NIRS analysis of Brix degrees in whole apples in real time
Analysis of Brix degrees
The agri-food industry has advanced significantly in recent years through the implementation of technologies to improve quality control and the efficiency of production processes. One of the most relevant technologies in this regard is Near-Infrared Spectroscopy (NIRS). This technology has shown great potential for the non-destructive and rapid analysis of agricultural products, such as apples, allowing the measurement of a wide range of quality parameters. This paper aims to present a detailed analysis of the application of NIRS technology in the continuous analysis of whole Golden Delicious apples with a special focus on analysis of brix degrees, which is the main parameter for controlling the ripening of the fruit, as well as for its preservation and commercialization.

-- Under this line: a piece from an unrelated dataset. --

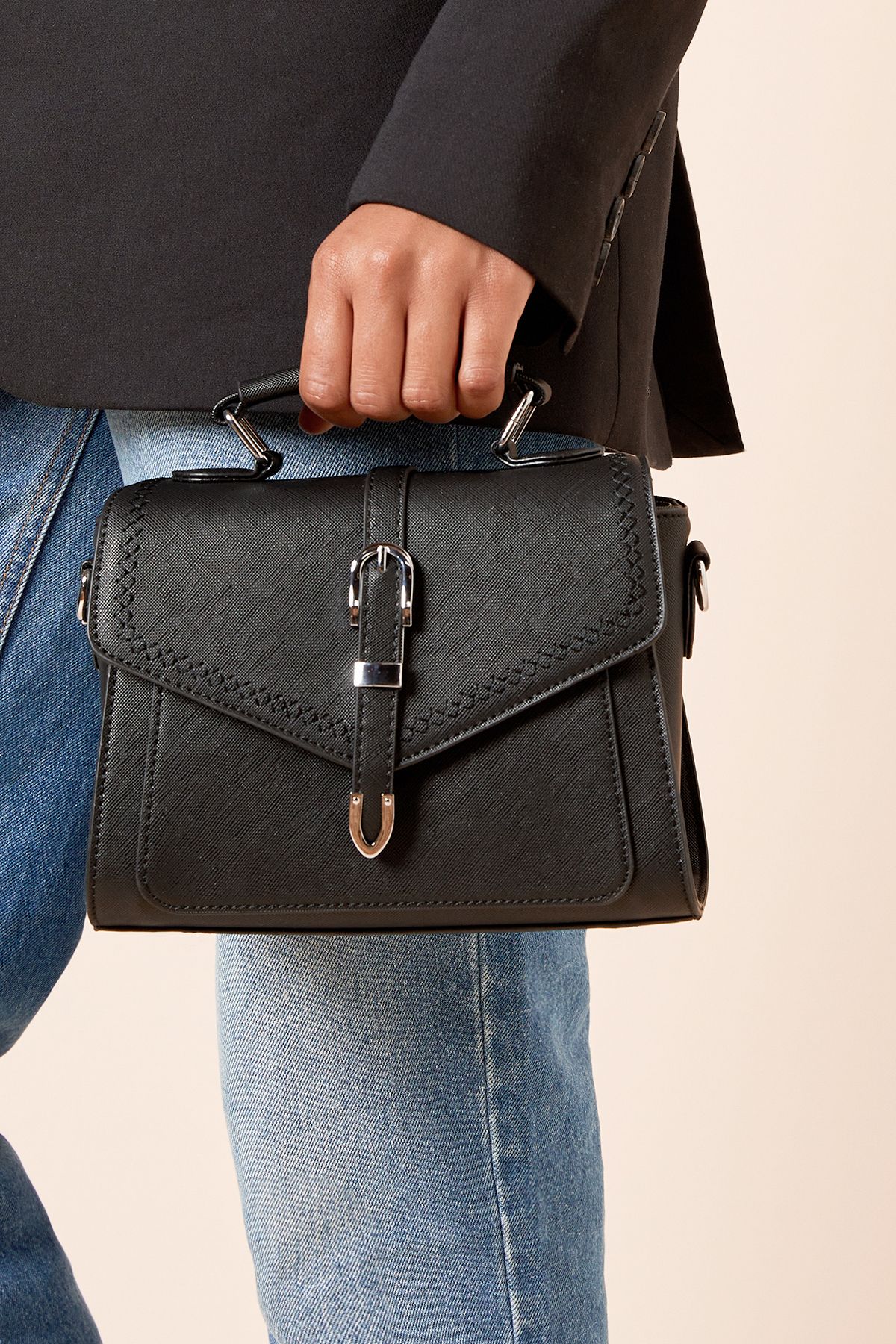 Dorothy Perkins Ivy Crossbody Bag With Buckle Detail Black image 1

Traditional analysis of brix degrees in apples
The traditional method of analysis of Brix degrees of apples used in the industry is refractometry. Although it is a simple and fairly inexpensive method, it is destructive, off-line, based on random and slow sampling, making it impossible to analyse large volumes of production.
Advantages of NIRS technology
- Non-destructive: Unlike traditional methods, NIRS does not require the destruction of the sample, allowing the fruit to be analysed in its entirety and keeping it suitable for marketing.

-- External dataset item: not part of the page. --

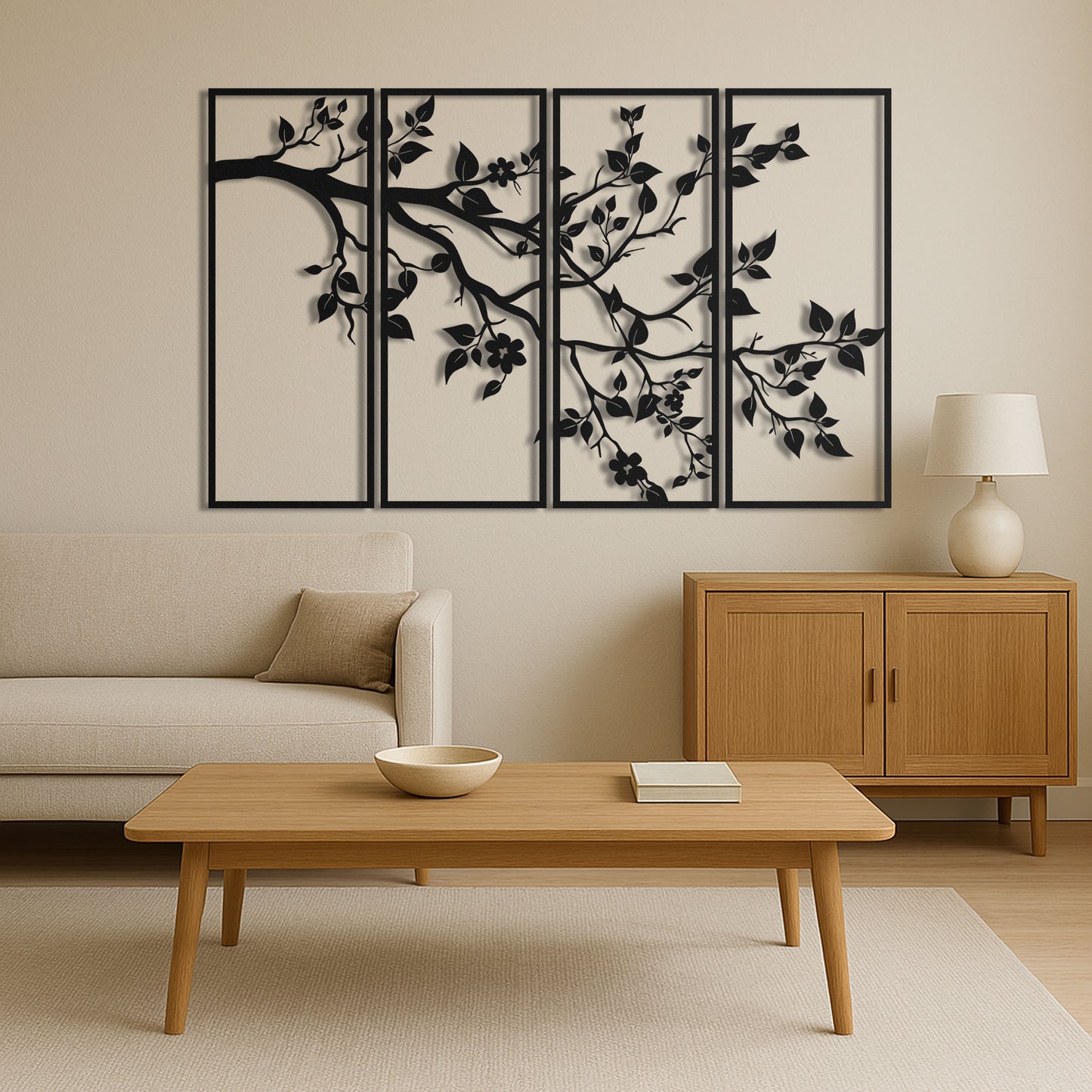4 Panel Tree Branch Metal Wall Art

- Fast: Analysis is immediate, with response times in milliseconds.
- Multiparametric: A single NIRS analysis can provide information on several quality parameters simultaneously.
- Reduced wastage: By identifying poor quality fruit immediately, they can be diverted before they continue in the packing process, reducing wasted resources.
- Storage optimisation: NIRS technology can identify which fruits have the greatest storage potential, helping companies to better manage their inventories.
Brix analysis of apples with NIR spectroscopy
The following NIRS model for analysis of brix degrees was performed with 40 samples and references of the Golden Delicious apple variety. The spectra and references were obtained from 4 different points (replicates) of each apple from the calibration set with the Visum NIR In-Line™ process analyser. Finally, a digital refractometer was used to obtain the set of reference values.
Figure 1: Brix degrees – Key Figures of Merit Visum NIR In-Line™ process analyser
Figure 2: Samples used during model training (grey) and automatically split internal validation samples (blue). Figure 3: Risk of overfitting for the brix model for Golden Delicious apples.
Conclusions: NIRS analysis of Brix degrees
For the sample range of the calibration set (11.1 – 15.8 brix), an RMSEP (Root Mean Square Error of Prediction) of ±0.3 and a correlation coefficient (R2) of 0.93 were obtained with respect to the results obtained using the reference method. The Model Builder Visum Master™ software also automatically runs a spectral quality routine to eliminate spectral outliers , i.e. data that are identified outside the model field during the training phase and finally a permutation test to determine the risk of overfitting, which can be understood as the probability that the calibration performed does not respond adequately to future samples (not used during calibration). For this model the risk of overfitting was only 0.0015, demonstrating the usefulness and accuracy of the Visum NIR In-Line™ process analyser for continuous analysis on apple sorting lines.